Exercise instructions:
Both the line containing "五帝钱纯银铜钱项链 五福临门 银铃铛" and the line containing "Balenciaga Neoprene Rubber" belong to the span. Output exactly that span from the listing below, and nothing outside it.

═══ Input for this task

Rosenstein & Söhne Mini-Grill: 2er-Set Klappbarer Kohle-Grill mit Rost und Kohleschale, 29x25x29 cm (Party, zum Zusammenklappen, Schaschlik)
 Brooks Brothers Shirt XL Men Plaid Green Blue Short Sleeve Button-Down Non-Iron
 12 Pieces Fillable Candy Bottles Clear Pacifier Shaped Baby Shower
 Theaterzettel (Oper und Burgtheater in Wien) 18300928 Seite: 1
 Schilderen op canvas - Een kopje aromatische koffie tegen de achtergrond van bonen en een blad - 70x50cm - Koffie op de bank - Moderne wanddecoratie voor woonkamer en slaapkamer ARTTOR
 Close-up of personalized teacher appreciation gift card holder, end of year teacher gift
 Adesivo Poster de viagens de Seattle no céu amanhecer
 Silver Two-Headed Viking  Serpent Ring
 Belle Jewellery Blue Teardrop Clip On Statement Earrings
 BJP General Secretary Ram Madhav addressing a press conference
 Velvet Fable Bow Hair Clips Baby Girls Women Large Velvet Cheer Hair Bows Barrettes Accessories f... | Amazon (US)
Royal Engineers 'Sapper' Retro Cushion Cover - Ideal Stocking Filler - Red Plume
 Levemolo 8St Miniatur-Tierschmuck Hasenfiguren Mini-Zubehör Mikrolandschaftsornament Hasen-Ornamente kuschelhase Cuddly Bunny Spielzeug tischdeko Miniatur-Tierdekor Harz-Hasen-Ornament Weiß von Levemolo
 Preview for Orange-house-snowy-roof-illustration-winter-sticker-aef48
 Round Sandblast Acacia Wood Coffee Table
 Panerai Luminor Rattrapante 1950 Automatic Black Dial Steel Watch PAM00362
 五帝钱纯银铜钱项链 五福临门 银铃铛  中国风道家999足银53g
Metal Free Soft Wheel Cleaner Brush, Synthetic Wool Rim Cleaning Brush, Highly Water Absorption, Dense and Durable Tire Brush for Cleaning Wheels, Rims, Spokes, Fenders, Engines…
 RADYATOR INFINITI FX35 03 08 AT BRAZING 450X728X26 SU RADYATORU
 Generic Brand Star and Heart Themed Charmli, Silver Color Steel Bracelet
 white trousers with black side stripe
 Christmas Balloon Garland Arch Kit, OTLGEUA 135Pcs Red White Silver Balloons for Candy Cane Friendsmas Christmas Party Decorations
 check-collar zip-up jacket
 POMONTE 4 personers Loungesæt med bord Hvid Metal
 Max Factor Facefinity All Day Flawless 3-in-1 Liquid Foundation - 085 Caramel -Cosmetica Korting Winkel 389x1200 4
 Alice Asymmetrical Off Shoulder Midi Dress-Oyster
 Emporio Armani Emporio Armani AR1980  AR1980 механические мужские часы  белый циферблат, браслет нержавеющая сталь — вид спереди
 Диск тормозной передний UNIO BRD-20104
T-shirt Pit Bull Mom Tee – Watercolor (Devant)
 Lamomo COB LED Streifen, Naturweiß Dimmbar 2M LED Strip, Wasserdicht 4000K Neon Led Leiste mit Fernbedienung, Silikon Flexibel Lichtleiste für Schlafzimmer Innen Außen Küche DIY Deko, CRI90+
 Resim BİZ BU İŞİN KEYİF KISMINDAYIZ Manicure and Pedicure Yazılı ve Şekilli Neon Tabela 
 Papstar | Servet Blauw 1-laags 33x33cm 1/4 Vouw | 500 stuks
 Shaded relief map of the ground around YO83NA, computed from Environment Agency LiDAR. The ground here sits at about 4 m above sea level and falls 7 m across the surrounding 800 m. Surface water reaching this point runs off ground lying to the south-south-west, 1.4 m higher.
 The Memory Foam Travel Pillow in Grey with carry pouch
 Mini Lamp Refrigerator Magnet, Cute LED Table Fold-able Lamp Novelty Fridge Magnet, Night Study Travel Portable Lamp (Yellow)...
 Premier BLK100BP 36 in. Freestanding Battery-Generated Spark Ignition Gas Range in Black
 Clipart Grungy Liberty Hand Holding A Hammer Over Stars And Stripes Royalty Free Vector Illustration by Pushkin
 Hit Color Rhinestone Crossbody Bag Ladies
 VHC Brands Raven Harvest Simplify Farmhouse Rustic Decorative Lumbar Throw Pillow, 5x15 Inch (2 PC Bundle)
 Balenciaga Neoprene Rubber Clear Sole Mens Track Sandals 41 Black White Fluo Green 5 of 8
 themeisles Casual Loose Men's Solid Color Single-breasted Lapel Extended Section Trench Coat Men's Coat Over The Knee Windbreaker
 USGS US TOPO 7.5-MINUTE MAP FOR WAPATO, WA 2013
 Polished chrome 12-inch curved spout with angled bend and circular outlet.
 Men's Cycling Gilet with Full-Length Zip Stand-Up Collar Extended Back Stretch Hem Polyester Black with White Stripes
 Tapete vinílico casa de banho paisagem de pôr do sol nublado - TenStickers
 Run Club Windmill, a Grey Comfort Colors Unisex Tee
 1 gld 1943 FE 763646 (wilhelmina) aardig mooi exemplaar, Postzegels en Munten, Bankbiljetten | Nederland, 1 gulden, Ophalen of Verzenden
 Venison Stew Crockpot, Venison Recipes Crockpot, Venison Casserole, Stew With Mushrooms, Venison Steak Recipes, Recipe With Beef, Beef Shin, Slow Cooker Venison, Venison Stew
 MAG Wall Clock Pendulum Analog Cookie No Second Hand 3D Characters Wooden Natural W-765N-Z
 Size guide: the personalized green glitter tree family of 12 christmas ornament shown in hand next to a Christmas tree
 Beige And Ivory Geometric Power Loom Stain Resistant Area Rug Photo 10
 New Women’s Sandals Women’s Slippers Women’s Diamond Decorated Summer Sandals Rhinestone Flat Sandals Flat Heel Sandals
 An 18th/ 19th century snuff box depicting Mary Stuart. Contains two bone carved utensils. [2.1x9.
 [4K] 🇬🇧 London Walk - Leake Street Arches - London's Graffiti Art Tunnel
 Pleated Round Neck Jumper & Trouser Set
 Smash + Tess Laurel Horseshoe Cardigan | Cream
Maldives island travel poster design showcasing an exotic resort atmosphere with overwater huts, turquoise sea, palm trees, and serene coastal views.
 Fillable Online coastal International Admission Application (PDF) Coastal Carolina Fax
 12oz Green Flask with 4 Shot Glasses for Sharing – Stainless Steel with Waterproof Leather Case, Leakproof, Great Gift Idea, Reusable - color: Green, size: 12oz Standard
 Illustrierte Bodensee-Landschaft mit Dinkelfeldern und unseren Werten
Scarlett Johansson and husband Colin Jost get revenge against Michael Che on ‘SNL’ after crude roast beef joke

══════

Answer for the task:
 五帝钱纯银铜钱项链 五福临门 银铃铛  中国风道家999足银53g
Metal Free Soft Wheel Cleaner Brush, Synthetic Wool Rim Cleaning Brush, Highly Water Absorption, Dense and Durable Tire Brush for Cleaning Wheels, Rims, Spokes, Fenders, Engines…
 RADYATOR INFINITI FX35 03 08 AT BRAZING 450X728X26 SU RADYATORU
 Generic Brand Star and Heart Themed Charmli, Silver Color Steel Bracelet
 white trousers with black side stripe
 Christmas Balloon Garland Arch Kit, OTLGEUA 135Pcs Red White Silver Balloons for Candy Cane Friendsmas Christmas Party Decorations
 check-collar zip-up jacket
 POMONTE 4 personers Loungesæt med bord Hvid Metal
 Max Factor Facefinity All Day Flawless 3-in-1 Liquid Foundation - 085 Caramel -Cosmetica Korting Winkel 389x1200 4
 Alice Asymmetrical Off Shoulder Midi Dress-Oyster
 Emporio Armani Emporio Armani AR1980  AR1980 механические мужские часы  белый циферблат, браслет нержавеющая сталь — вид спереди
 Диск тормозной передний UNIO BRD-20104
T-shirt Pit Bull Mom Tee – Watercolor (Devant)
 Lamomo COB LED Streifen, Naturweiß Dimmbar 2M LED Strip, Wasserdicht 4000K Neon Led Leiste mit Fernbedienung, Silikon Flexibel Lichtleiste für Schlafzimmer Innen Außen Küche DIY Deko, CRI90+
 Resim BİZ BU İŞİN KEYİF KISMINDAYIZ Manicure and Pedicure Yazılı ve Şekilli Neon Tabela 
 Papstar | Servet Blauw 1-laags 33x33cm 1/4 Vouw | 500 stuks
 Shaded relief map of the ground around YO83NA, computed from Environment Agency LiDAR. The ground here sits at about 4 m above sea level and falls 7 m across the surrounding 800 m. Surface water reaching this point runs off ground lying to the south-south-west, 1.4 m higher.
 The Memory Foam Travel Pillow in Grey with carry pouch
 Mini Lamp Refrigerator Magnet, Cute LED Table Fold-able Lamp Novelty Fridge Magnet, Night Study Travel Portable Lamp (Yellow)...
 Premier BLK100BP 36 in. Freestanding Battery-Generated Spark Ignition Gas Range in Black
 Clipart Grungy Liberty Hand Holding A Hammer Over Stars And Stripes Royalty Free Vector Illustration by Pushkin
 Hit Color Rhinestone Crossbody Bag Ladies
 VHC Brands Raven Harvest Simplify Farmhouse Rustic Decorative Lumbar Throw Pillow, 5x15 Inch (2 PC Bundle)
 Balenciaga Neoprene Rubber Clear Sole Mens Track Sandals 41 Black White Fluo Green 5 of 8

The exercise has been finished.